Thankfully, if I ever do, I’ll likely buy BenQ’s HT2050A, which my colleague (and projector nerd) Steve Dent says is one of the best for performance and affordability. Coming in fairly cheap, it’s bright, has a 1.3x zoom and vertical lens shift, making it easy to place in tricky spots and easy to get the best picture quality out of its small body. It’s HD-only, of course, but then I’m not yet sold on the benefits of a 4K projector if you’re mostly watching live sports or old movies, or even your parent’s pictures of their most recent holiday.
Dopesick by Beth Macy
Dopesick: Dealers, Doctors and the Drug Company that Addicted America is a book by Beth Macy which was adapted into the Hulu series of the same name. It charts the history, effect and battle against OxyContin, a slow-release painkiller that’s at the heart of the US’ opioid epidemic. The book takes you through the history of the drug, its chemical bases, and how it was handled before Purdue Pharma created a slow-release version. Of course, a combination of over-prescription, the hyper-addictive nature of the drug and a lot of incentives from Purdue helped destroy so many lives. It’s the sort of book that you feel it’s your duty to read just to understand what is, and has, been going on for so long.
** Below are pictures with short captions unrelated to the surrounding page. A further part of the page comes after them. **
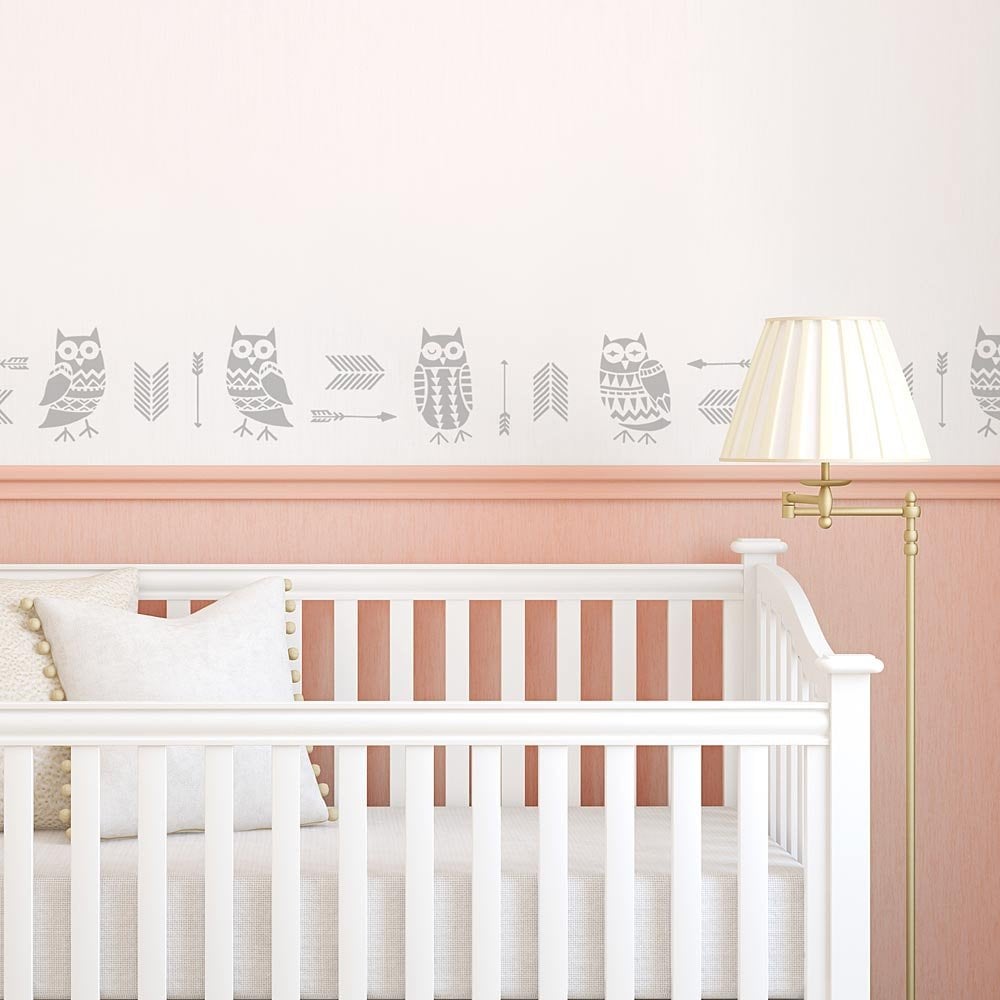 Owls-arrows-stencils-border-nursery-wall-painting-ideas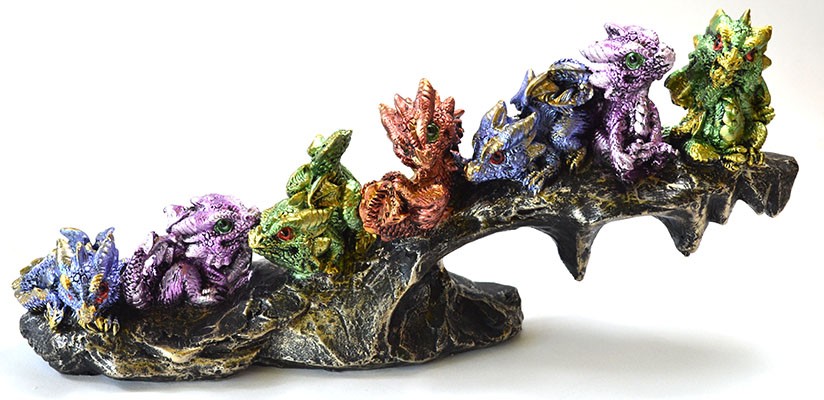 10" Seven Dragons Peak - Draconic Guardian Elemental Altar Masterpiece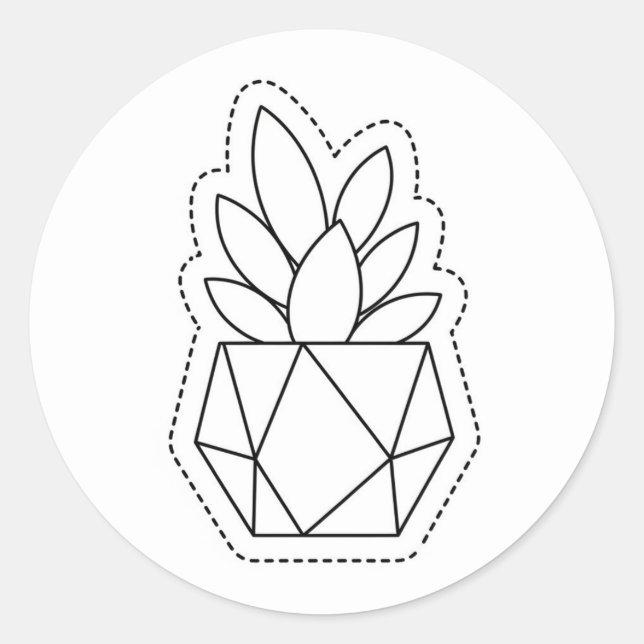 Geometric Succulent Plant in Pot Line Art Sticker  (Vorderseite)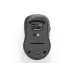 Bottom view of The Redragon BM 2638 Wireless Mouse showing its sensor, power switch, and battery compartment.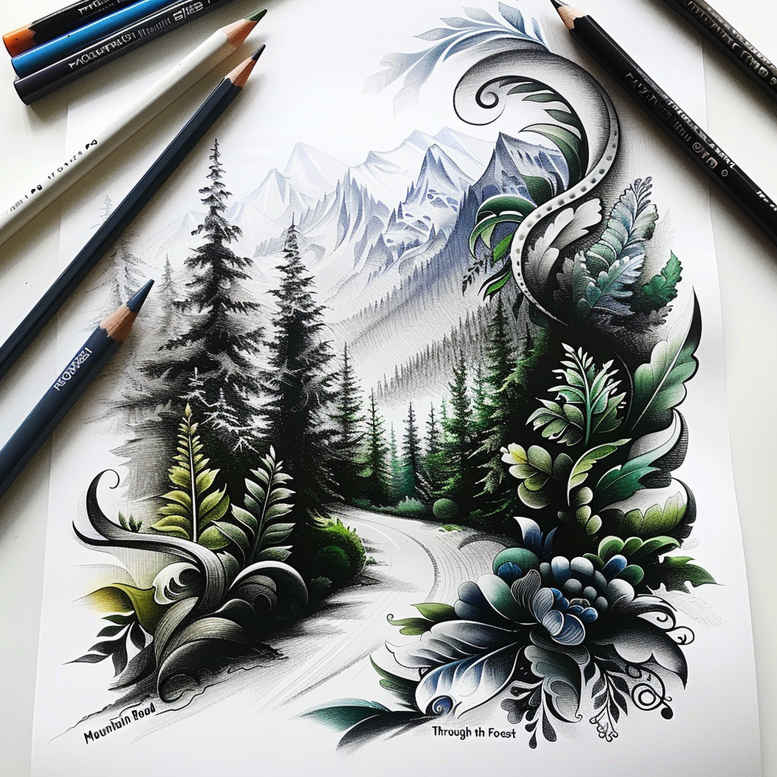 nature-motion-tattoo – tattoo design ideas free ai generated – neotraditional-artistic-contrast – for-toe – Gallery: nature-inkby-ai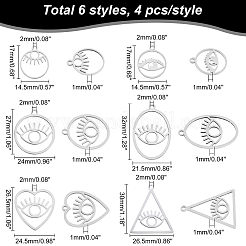 24Pcs 6 Style 201 Stainless Steel Pendants&nbsp;FIND-AR0002-03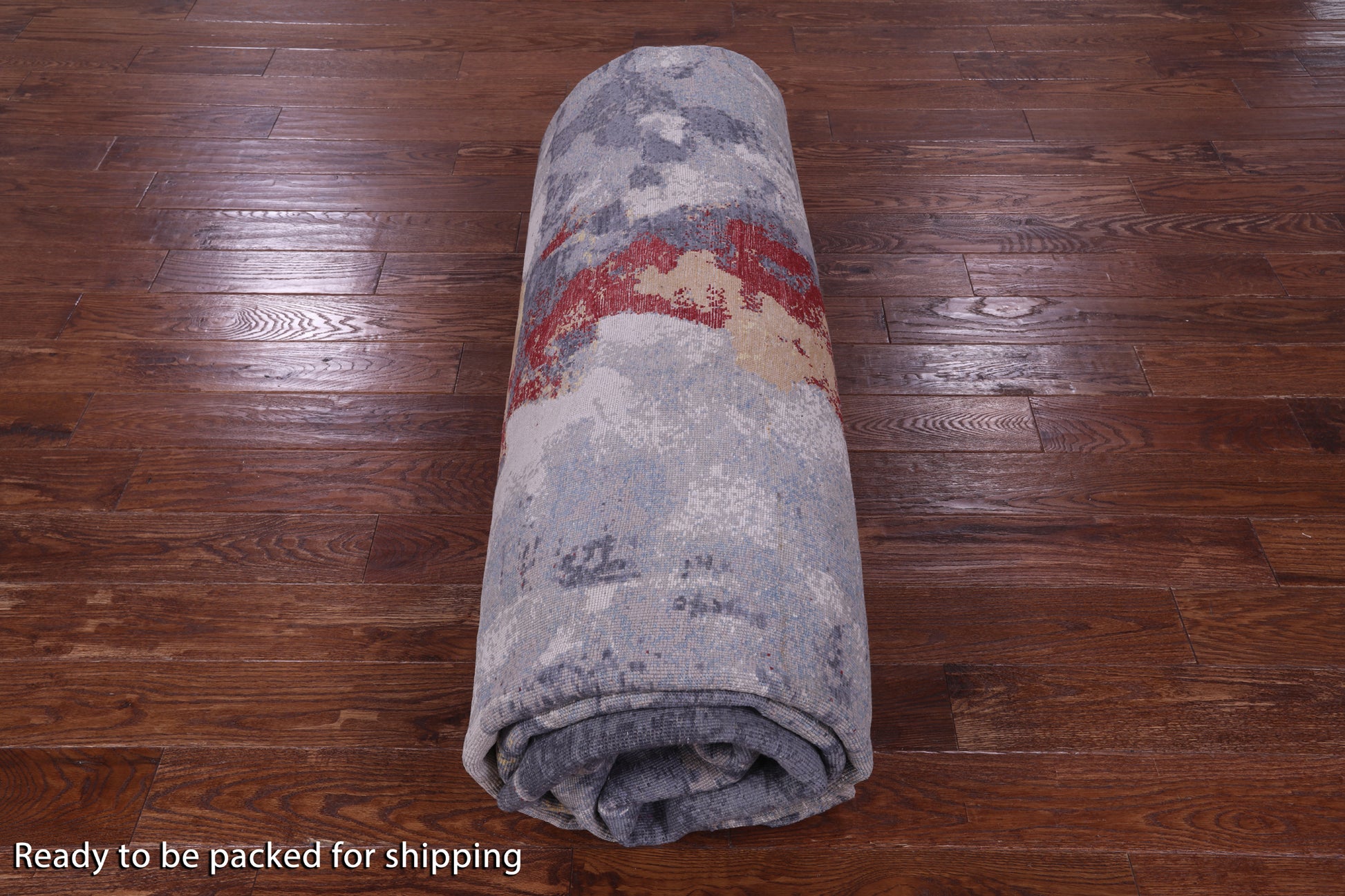 Woman Under The Rain Contemporary Hand Knotted Wool & Silk Rug - 12' 0" X 14' 3" - Golden Nile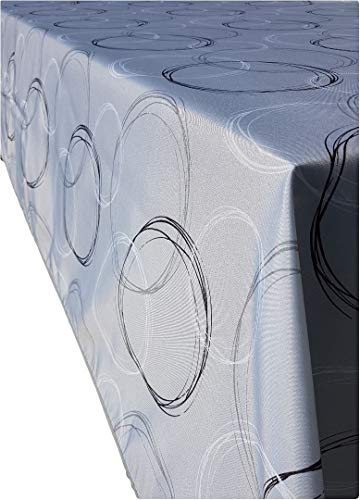 Valia Home Tischdecke Tischtuch Tafeldecke schmutzabweisend wasserabweisend Lotuseffekt pflegeleicht eckig in verschiedenen Größen und Designs (Kreis, 130 x 160 cm)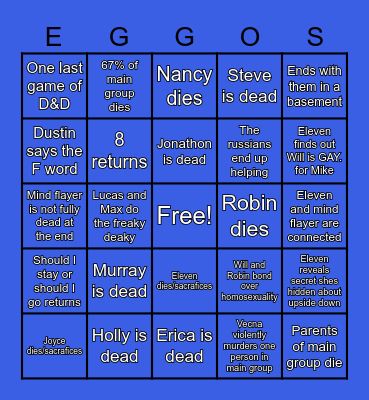 Stranger Things Season 5 Bingo Card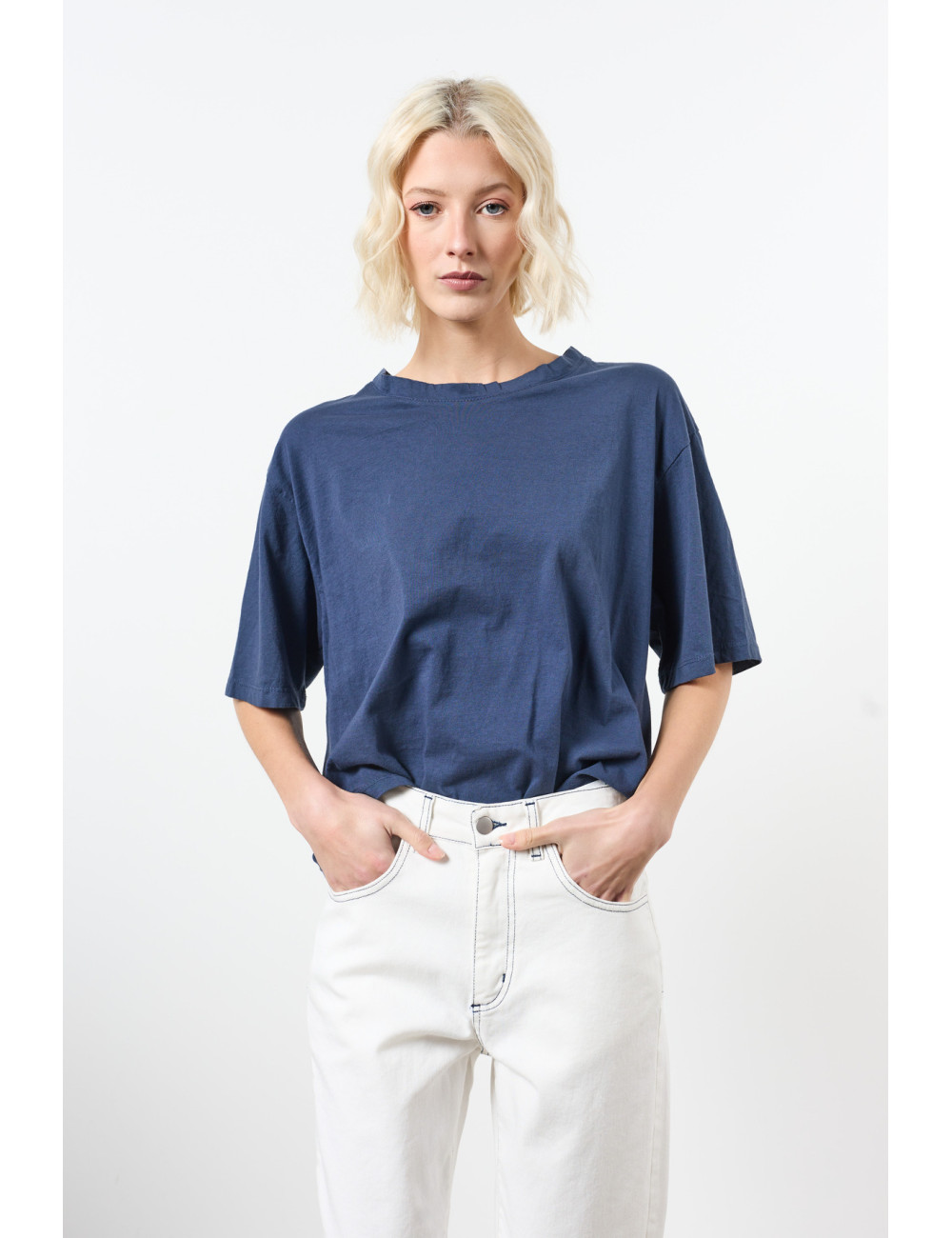 t shirt col rond mc oversize -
Bad Blood by John Carreyrou
Bad Blood by John Carreyrou is a similarly unbelievable true story of medical malpractice, this time centering on blood testing. Theranos promised to revolutionize the way the world tested for disease, and hoodwinked plenty of people who knew nothing about medicine. The book is in two rough halves, with the first covering the startup’s meteoric rise and the backstory of its enigmatic founder, Elizabeth Holmes.
The second, meanwhile, focuses on Carreyrou’s own part in the story, as he investigated and reported on the unfolding scandal. This is, by now, well-trodden ground – the book is due to be adapted into a movie for Netflix, while a Hulu miniseries was based on an ABC Podcast. But Carreyrou’s authoritative, I-was-there take is still the authoritative version of the story, at least until the dust settles and we get some even juicier stories out of this particular saga.